━━━ Supplied records
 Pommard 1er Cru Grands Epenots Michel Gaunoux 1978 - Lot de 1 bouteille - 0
━━━━━━
━━━ Supplied records
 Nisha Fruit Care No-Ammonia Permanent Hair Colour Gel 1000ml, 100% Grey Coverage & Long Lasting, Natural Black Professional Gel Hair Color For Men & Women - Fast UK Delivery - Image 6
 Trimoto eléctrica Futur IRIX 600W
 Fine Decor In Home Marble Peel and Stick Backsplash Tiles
━━━━━━
Copy verbatim, from the listing above, each line from the one containing "Trimoto eléctrica Futur IRIX 600W" down to the one containing "Fine Decor In", inclusive.

- **Result for this task**:
 Trimoto eléctrica Futur IRIX 600W
 Fine Decor In Home Marble Peel and Stick Backsplash Tiles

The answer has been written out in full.